Let's cross-correlate the template chirps with our entire recording to find the superimposed chirps:
t_upsampled_chirps = find_timing_of(chirps, upsampled_collected, fs_upsampled_collected)
print("Start Time of the Chirps relative to the beginning of the recording: {:f} seconds".format(t_upsampled_chirps))
Start Time of the Chirps relative to the beginning of the recording: 34.307458 seconds
We know that the first white noise burst happens before the chirps. As described previously, we will restrict our search for the first white Gaussian noise from the beginning of the recording up to the timing of the chirps which was found in the previous step.
collected_extract_for_t1, t_collected_extract_for_t1 = extract(upsampled_collected, 'start', t_upsampled_chirps, fs_upsampled_collected)
collected_extract_for_t1
array([-0.01719864, -0.05533837, -0.03759671, ..., -0.07412368, -0.013604 , 0.0515242 ], dtype=float32)
t1 = find_timing_of(white_noise, collected_extract_for_t1, fs_upsampled_collected)
This variable, t1
, is our first finding. We'll save it for later using the record
helper function. (At the end of this notebook, we'll write everything saved with record
to a file that you can submit along with your raw recording.)
record('t1', 'Start time of the first white Gaussian noise with respect to the beginning of the recording: {:f} seconds', t1, 'seconds')
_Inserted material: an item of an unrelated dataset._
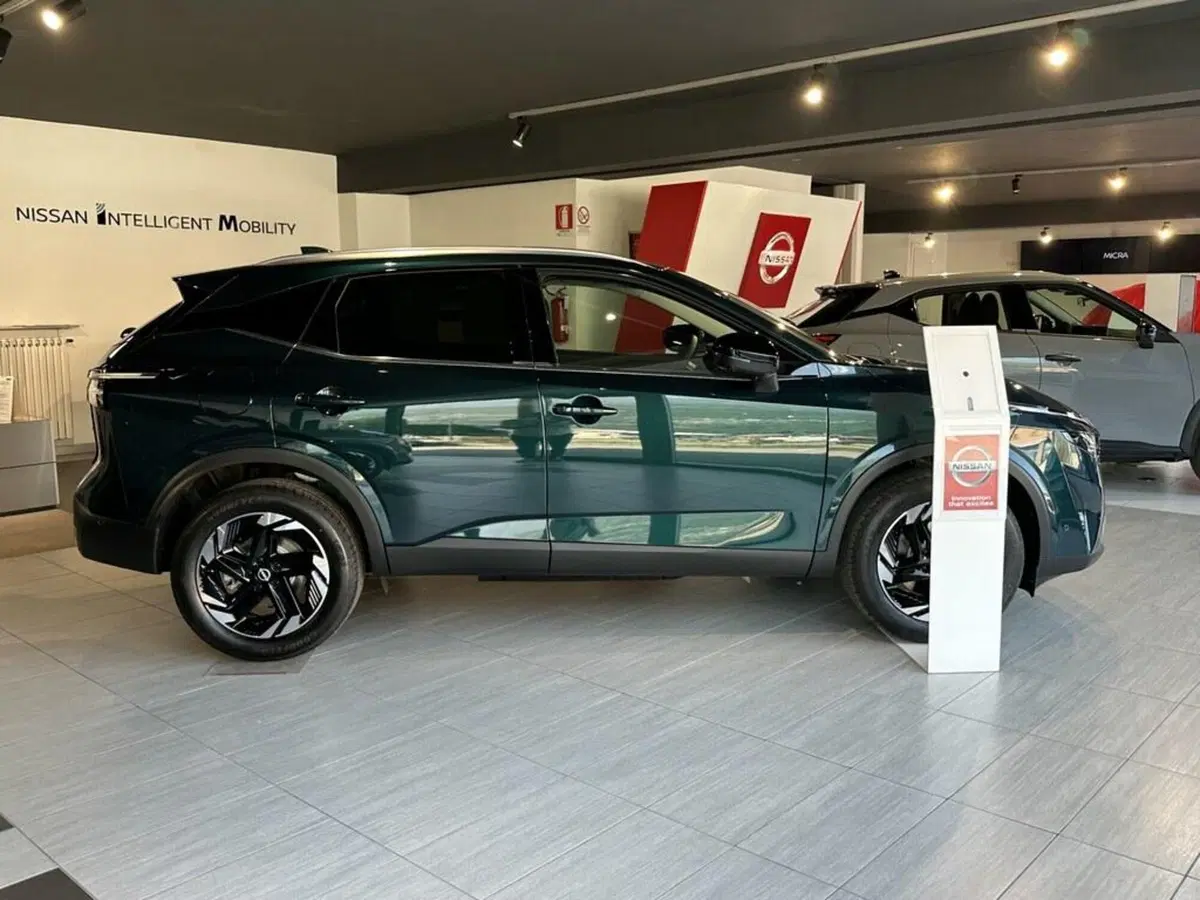 Nissan Qashqai nuova a Sondrio (5)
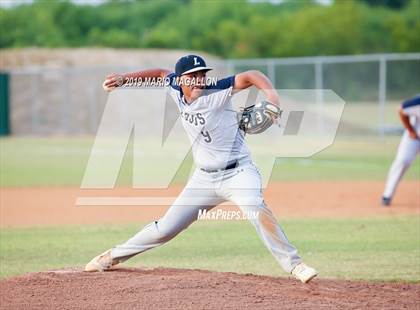 Thumbnail 2 in Lopez vs Pioneer (UIL 5A Bi-District Playoff) photogallery.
Start time of the first white Gaussian noise with respect to the beginning of the recording: 20.307375 seconds
It is useful to find the timing of the chirps with respect to the timing of the first white noise burst, so we will save it for later as well.
t_chirps_wrt_t1 = t_upsampled_chirps - t1
record(
't_chirps_wrt_t1',
"Start Time of the Chirps with respect to Start Time of the First Noise: {:f} seconds",
t_chirps_wrt_t1,
'seconds')
print("Start Time of the Chirps with respect to Start Time of the First Noise: {:f} seconds".format(t_upsampled_chirps + t1))
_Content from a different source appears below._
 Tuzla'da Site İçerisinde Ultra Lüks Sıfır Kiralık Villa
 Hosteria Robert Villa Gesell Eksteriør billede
Start Time of the Chirps with respect to Start Time of the First Noise: 14.000083 seconds Start Time of the Chirps with respect to Start Time of the First Noise: 54.614833 seconds
Now we'll find how long after the first white noise the second noise starts.
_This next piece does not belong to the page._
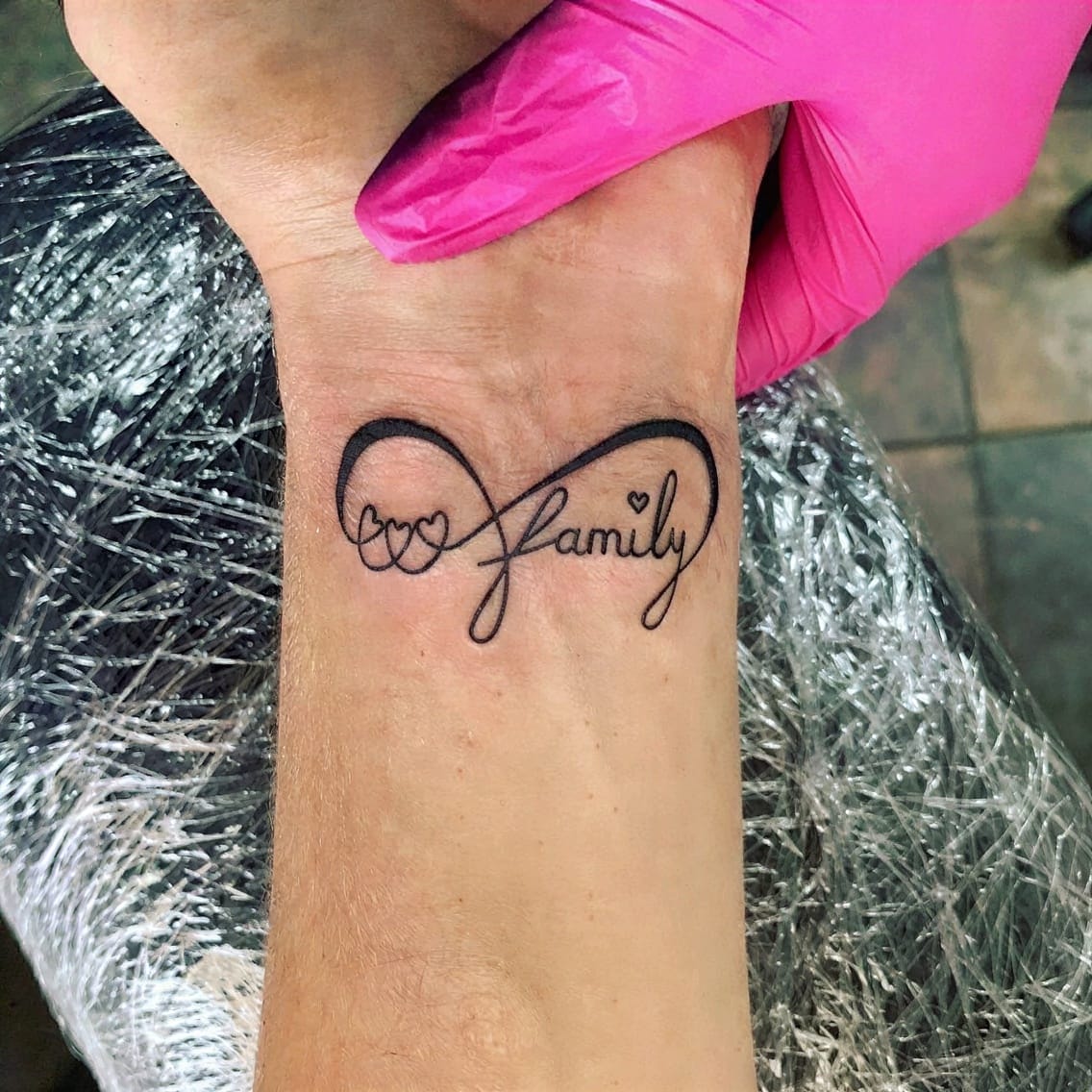 Infinity sign spelled with names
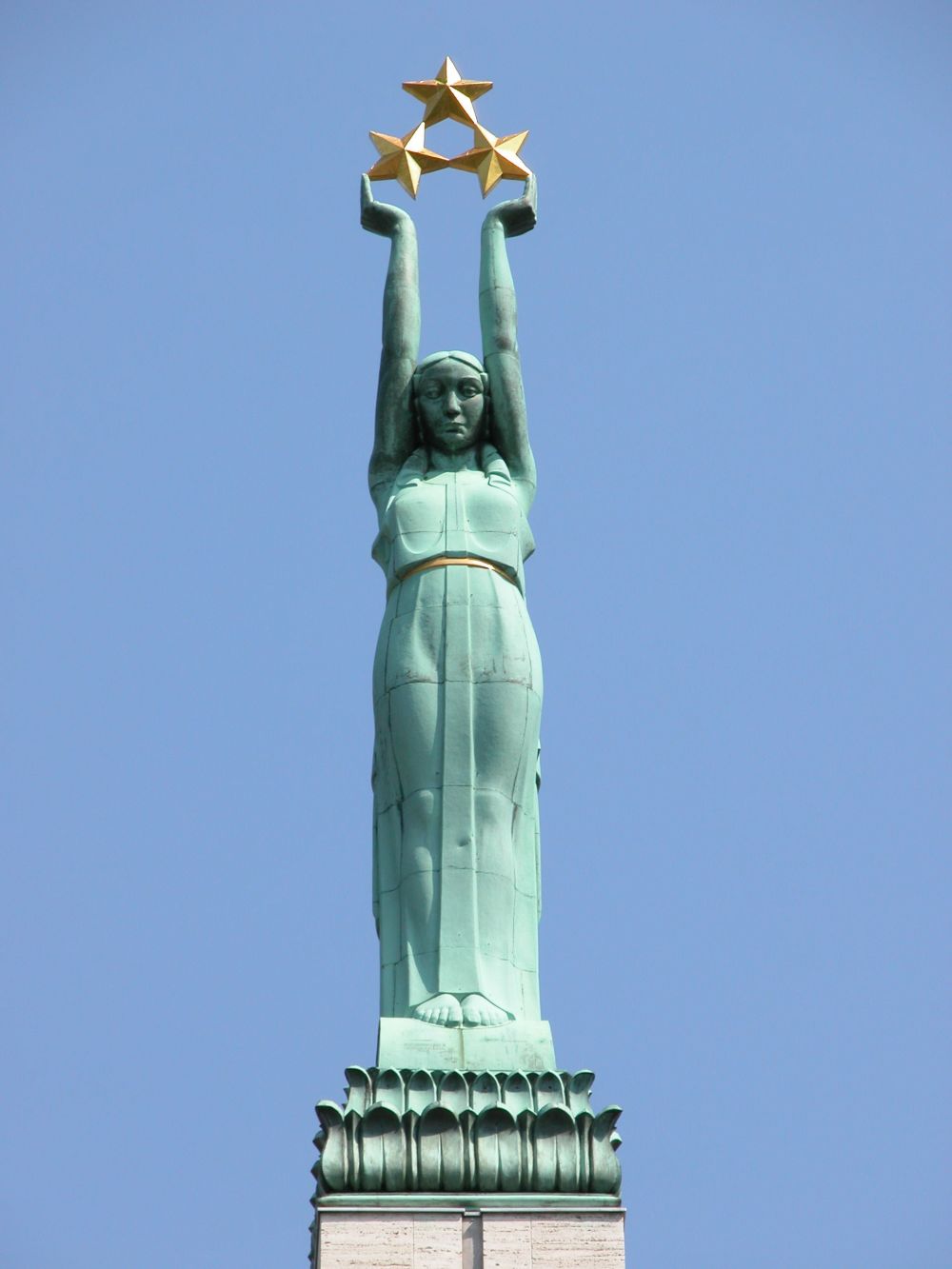 FREEDOM MONUMENT, RIGA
Once again, we can restrict our search to after the timing of the chirps found in the first step.
# Collected signal extracted without the portion before the end of the chirps (approximately
collected_extract_for_t2, t_collected_extract_for_t2 = extract(upsampled_collected, t_upsampled_chirps, 'end', fs_upsampled_collected)
t2 = find_timing_of(white_noise, collected_extract_for_t2, fs_upsampled_collected) + t_chirps_wrt_t1
record(
't2',
"Start time of the second white Gaussian noise with respect to the first white Gaussian noise: {:f} seconds.",
t2,
"seconds")
Start time of the second white Gaussian noise with respect to the first white Gaussian noise: 27.000146 seconds.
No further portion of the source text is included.